Même s’il ne fait qu’observer un protocole qu’il affectionne tant, Bouteflika prend, toujours est-il, position dans cette situation de renversement de président et de régime en Tunisie. Son amitié avec le président déchu, Zine El Abidine, aura vécu, balayée par l’intensité du bouleversement politique que le soulèvement populaire a provoqué en Tunisie. «Il m’est particulièrement agréable, au moment où je survole l'espace aérien de votre pays frère, en direction de l'Egypte pour prendre part au deuxième sommet économique arabe, de vous adresser mes sincères salutations fraternelles, en vous souhaitant plein succès afin que vous puissiez faire parvenir la Tunisie à bon port», a écrit dans son message le président Bouteflika, ajoutant : «Partant des liens fraternels et de bon voisinage qui unissent nos deux peuples, je suis pleinement confiant que vous trouverez en le génie tunisien authentique une source d'inspiration pour œuvrer au bien-être de votre cher peuple.» Aucun mot, ne serait-ce qu’une allusion, à la révolte populaire qui vient de faire s’écrouler l’imprenable citadelle qu’était le palais de Carthage où trônaient Ben Ali et son épouse Leïla Trabelsi, aujourd’hui tous les deux réfugiés chez le roi d’Arabie saoudite.

Le vent de la contestation sociale et politique qui, tel un tsunami, a balayé le régime Ben Ali a laissé sans voix près d’une semaine durant le président Bouteflika qui s’est refusé, jusque-là, à la moindre déclaration publique. Ceci alors qu’il s’en est assurément préoccupé. En atteste la déclaration du conseiller du président Obama à la sécurité et la lutte contre le terrorisme, John Brennan qui, lundi, affirmait que la situation en Tunisie a été au menu de son entretien avec le président Bouteflika. Cela dit, le président Bouteflika, qui est arrivé mardi à Charm el-Cheikh pour prendre part au sommet économique des chefs d’Etat arabes, ne pouvait faire longtemps mystère de sa position par rapport à cet événement majeur qui fait l’actualité mondiale.

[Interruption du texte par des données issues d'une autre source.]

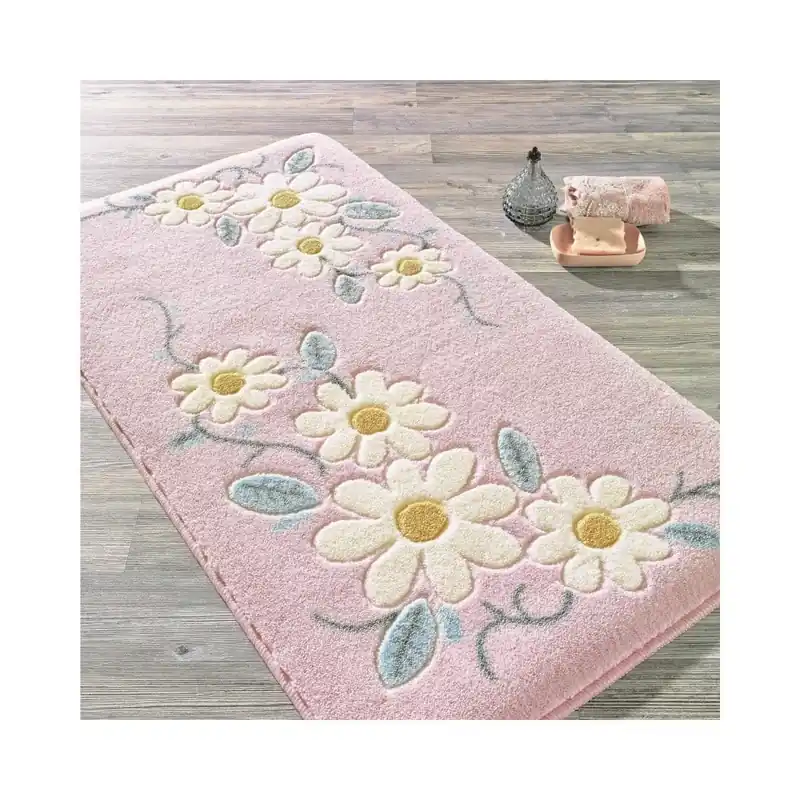 Łatwy zwrot Różowy dywanik łazienkowy Confetti Bathmats Margherita, 80x140 cm Bonami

La question se trouve inscrite au menu du sommet, a confirmé mardi le secrétaire général de la Ligue arabe, Amr Moussa. De plus, le ministre tunisien des affaires étrangères, Kamel Mordjane, a fait le déplacement en Egypte pour tenir ses homologues arabes informés de la situation qui prévaut dans son pays. Mardi, il a déclaré que le peuple tunisien avait dit son mot. «Le peuple tunisien a dit son mot et est sorti vainqueur de ce soulèvement populaire», a-t-il affirmé, ajoutant que «nous voudrions confirmer qu’il s’agit d’un gouvernement de transition : son but est clair et son mandat limité par la loi». Le ministre tunisien des Affaires étrangères a indiqué par ailleurs que l’élection présidentielle que son gouvernement a pour mission de préparer sera supervisée par des observateurs étrangers.